A 1920x1080 image at 24-bit color (RGB) has a raw size of 5.93 MB. Saved as JPEG at quality 80, the estimated file size is approximately 593 KB. As WebP, it is approximately 395 KB.

Image Dimensions

Format Settings

Common Examples

Input Result
1920x1080, 24-bit RGB, JPEG quality 80 Approximately 593 KB
1920x1080, 24-bit RGB, PNG Approximately 1,977 KB
1920x1080, 24-bit RGB, WebP quality 80 Approximately 395 KB
800x600, 32-bit RGBA, PNG Approximately 625 KB
4000x3000, 24-bit RGB, JPEG quality 60 Approximately 720 KB

How It Works

An uncompressed image stores a fixed number of bits per pixel. The raw size formula is:

Raw Size (bytes) = Width x Height x Color Depth / 8

Where color depth is the number of bits per pixel:

  • 8-bit: Grayscale (256 shades of gray)
  • 24-bit: RGB color (8 bits each for red, green, blue; 16.7 million colors)
  • 32-bit: RGBA color (24-bit RGB + 8-bit alpha transparency)

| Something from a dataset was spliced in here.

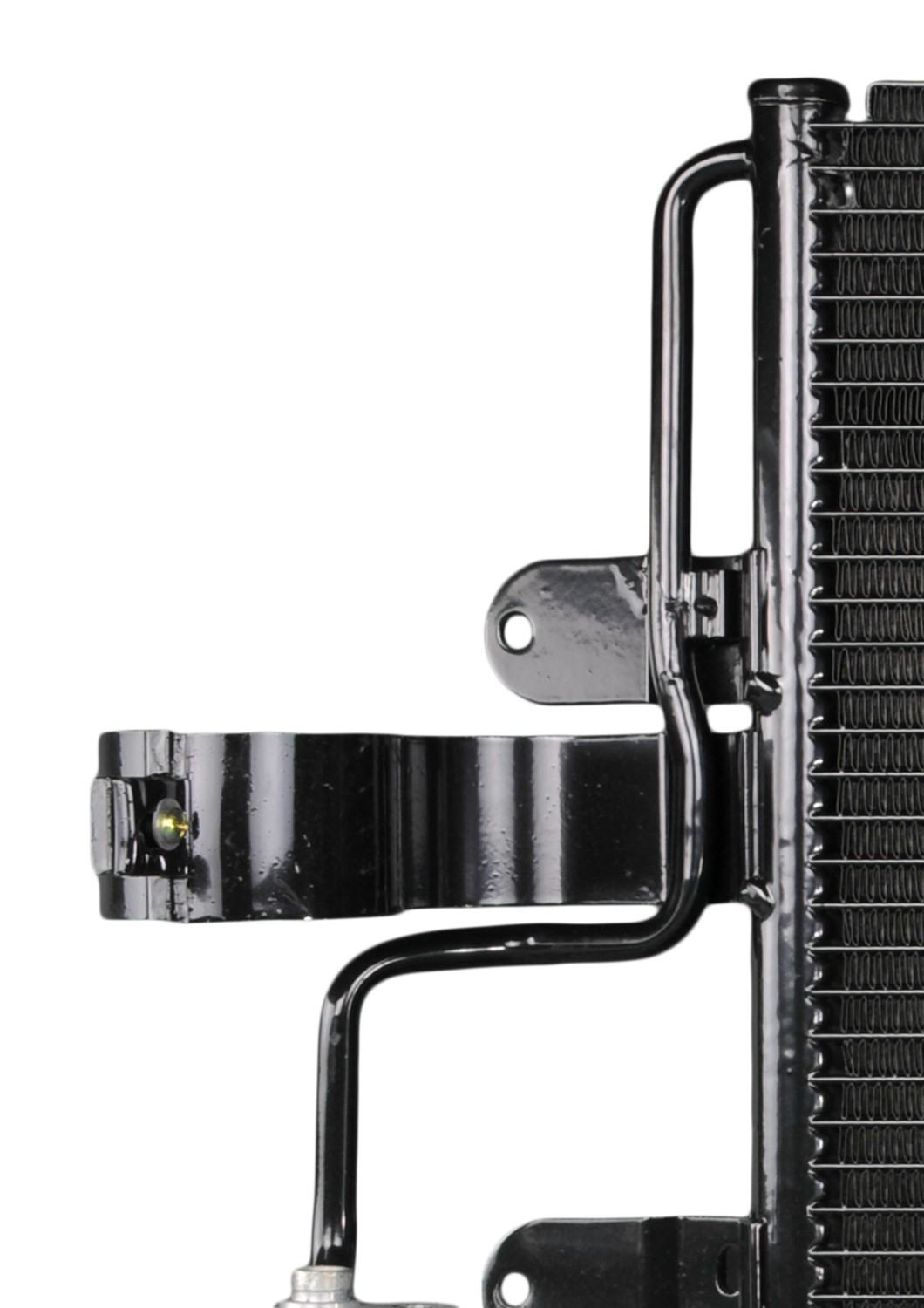 OSC A/C Condenser 4933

Compression ratios by format

Image formats reduce file size through compression. Approximate ratios at typical quality settings:

  • JPEG: ~10:1 (lossy, no transparency, best for photographs)
  • PNG: ~3:1 (lossless, supports transparency, best for graphics and screenshots)
  • WebP: ~15:1 (lossy or lossless, supports transparency, modern web standard)
  • AVIF: ~20:1 (lossy or lossless, newest format with best compression)
  • GIF: ~5:1 (lossless, limited to 256 colors, supports animation)
  • BMP: ~1:1 (uncompressed)
  • TIFF: ~1.5:1 (minimal compression, used in print)

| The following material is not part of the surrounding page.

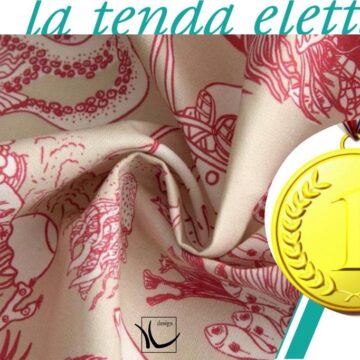 La tenda eletta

How quality affects file size

For lossy formats (JPEG, WebP, AVIF), lower quality means higher compression and smaller files. At quality 100, compression is minimal (roughly 3-4:1 for JPEG). At quality 50, compression increases significantly (roughly 15-20:1 for JPEG). Quality 70-85 is the typical sweet spot, balancing visual quality and file size.

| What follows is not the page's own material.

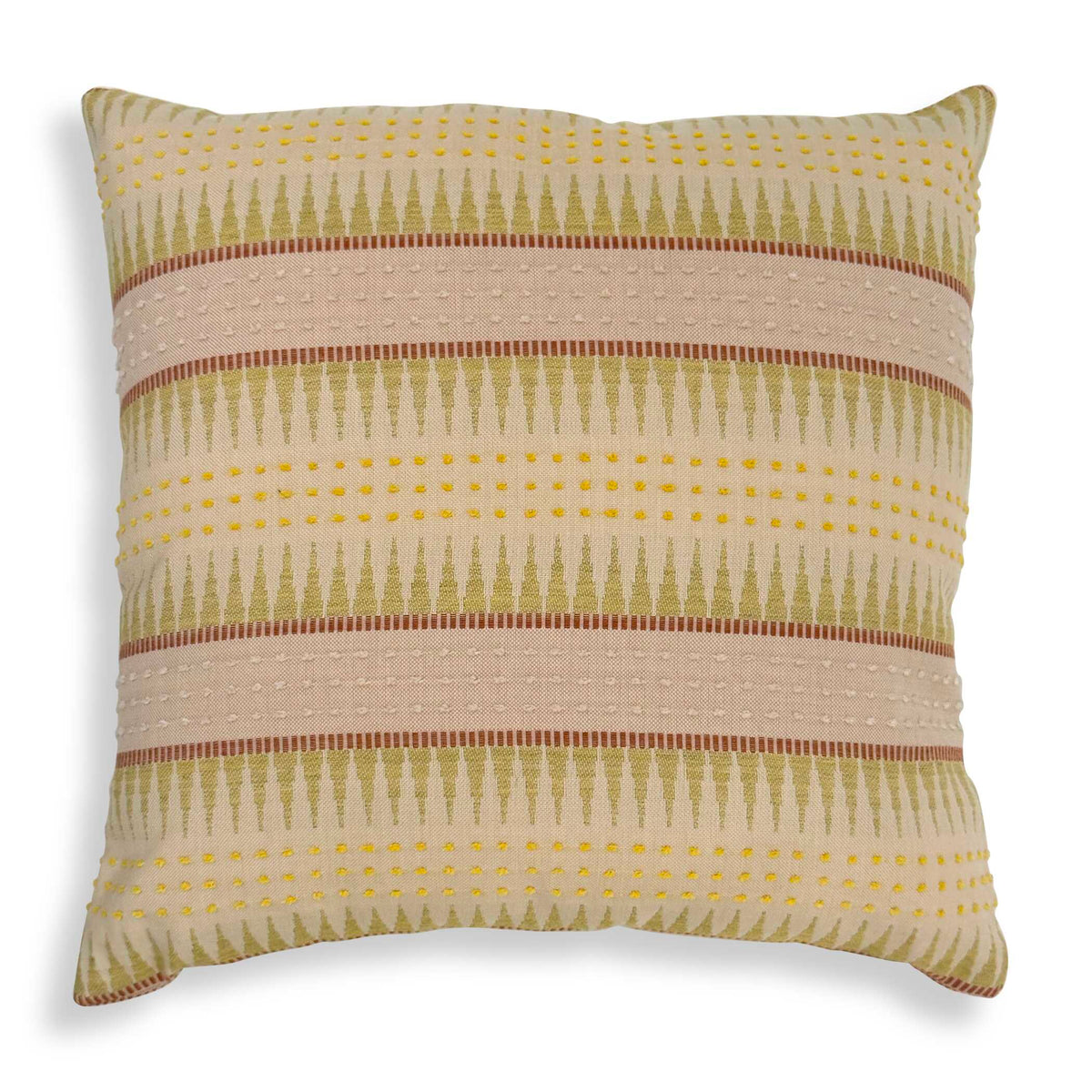 Backgammon Outdoor Pillow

For lossless formats (PNG, BMP, GIF), the quality slider has little to no effect because the compression is determined by the image content rather than a quality setting.

Worked Example

For a 1920x1080 image at 24-bit RGB saved as JPEG at quality 80: Raw size = 1920 x 1080 x 24 / 8 = 6,220,800 bytes = 6,075 KB = 5.93 MB. JPEG compression ratio at quality 80 is approximately 10:1. Estimated file size = 6,075 / 10 = approximately 608 KB. Actual file sizes vary based on image content. Photographs with complex detail compress less than images with large areas of uniform color.

Related Calculators

Frequently Asked Questions

Why does the actual file size differ from the estimate?
Compression efficiency depends heavily on image content. Photographs with gradients and complex textures compress less efficiently than graphics with large areas of solid color. These estimates use average compression ratios. Actual file sizes can vary by 30-50% depending on the specific image.
Which image format should I use for the web?
For photographs, use WebP (best compression) or JPEG (widest compatibility). For graphics, logos, or images with transparency, use WebP or PNG. AVIF offers even better compression than WebP but has less browser support as of 2025. Use the HTML <picture> element to serve WebP/AVIF with JPEG/PNG fallbacks.
What is the difference between lossy and lossless compression?
Lossy compression (JPEG, WebP lossy) permanently removes some image data to achieve smaller files. The removed detail is not recoverable. Lossless compression (PNG, WebP lossless, GIF) reduces file size without losing any image data. The original image can be perfectly reconstructed. Lossy formats produce much smaller files but with some quality loss.
What quality setting should I use for web images?
A quality setting of 75-85 provides a good balance for most web images. Below 70, compression artifacts (blockiness, color banding) become visible in JPEG. Above 85, file size increases significantly with minimal visual improvement. For WebP, a quality of 75-80 typically matches JPEG at quality 85.
How does color depth affect file size?
Color depth determines how many bits are stored per pixel. A 32-bit RGBA image is 33% larger than a 24-bit RGB image because of the extra 8-bit alpha (transparency) channel. An 8-bit grayscale image is one-third the size of a 24-bit RGB image. If your image does not need transparency, saving as 24-bit RGB instead of 32-bit RGBA reduces file size.